Basal cell carcinoma is one of the most popular question to
appear in pathology viva. You will be expected to describe the typical
histological features and various ways of treating the tumour.
Clinically, basal cell carcinoma may be well-defined (far commoner;
with nodular appearance, rolled edge, central ulceration and telangiectasia)
or diffused (plaque-like so called the morphea form with ill-defined edges).
Histologically, the following features are present:
the tumor cells form dermal nests, cords, and islands that, in a given
plane or section, may or may not communicate with the overlying epidermis.
the cells forming nest are small and round and resemble basal keratinocytes
at the periphery of the nests, these cells elongate in parallel array,
forming a palisading pattern (the examiner
will expect you to mention the term palisading).
the tumor cells, have little pleomorphism, and mitosis are infrequent.

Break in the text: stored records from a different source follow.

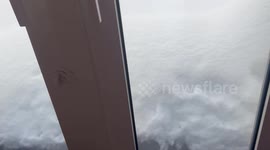 Locals clear thick layers of snow from outside homes in Japan
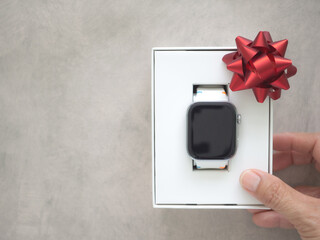 Modern smartwatch in a white gift box with a red ribbon bow held by a hand. Perfect for tech gift concepts, Christmas, or birthdays on a grey textured background with copy space for your text.
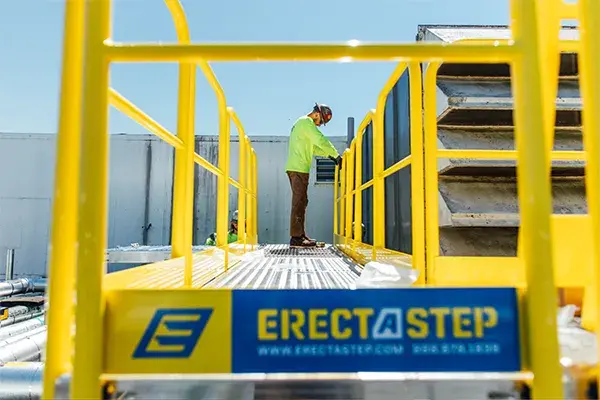 Pharmaceutical rooftop crossover stair being installed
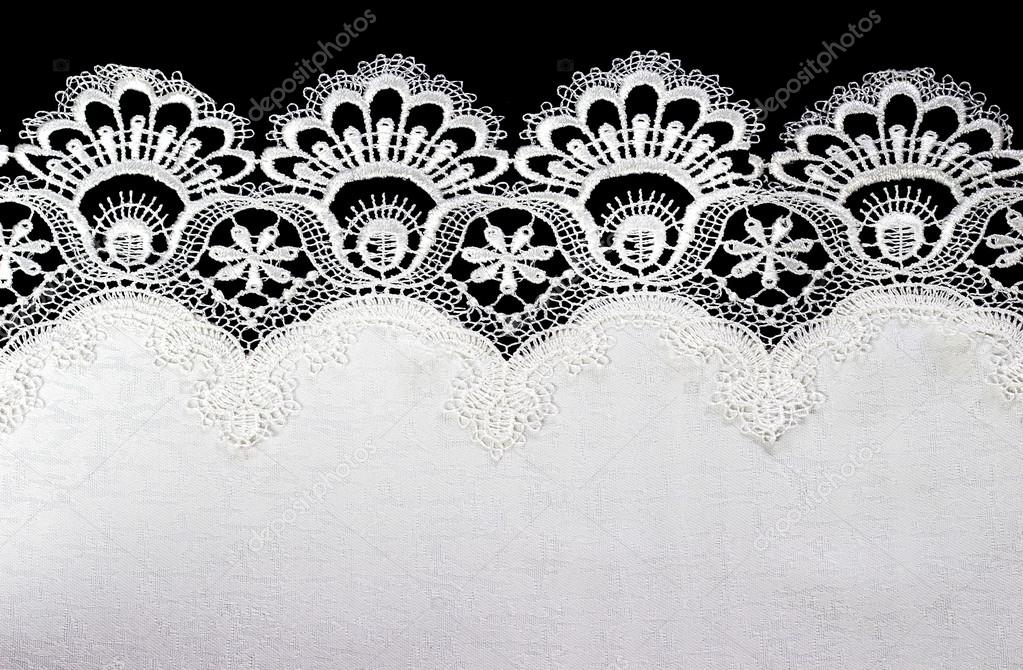 white lace on black background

Low magnification. The skin shows an area of ulceration
Islands of basal cell carcinoma (B1) and cords of basal
(Bc) in communication with the epidermis. A hair follicle
is also visible.
Inflammatory cells are visible surrounding the tumour
High magnification. Basal cell carcinoma below the epidermis.
Note the typical nuclear palisading at the peripheral
layer of the tumour.
Common viva questions:
How would you manage a basal cell carcinoma? (Confirm diagnosis
biopsy and tumour excision with 3 mm clear margin. Other
modalities of treatment
include: cryotherapy, radiation and chemotherapy by applying
5 FU cream.)
What is the advantage of Moh's method of excising basal cell carcinoma?
(ensure complete tumour excision and preserve tissue)
Is basal cell carcinoma inherited? (some hereditary conditions
are associated with basal cell carcinoma for example: Gorlin-Goltz's syndrome,
Bazex's syndrome and xeroderma pigmentosa.)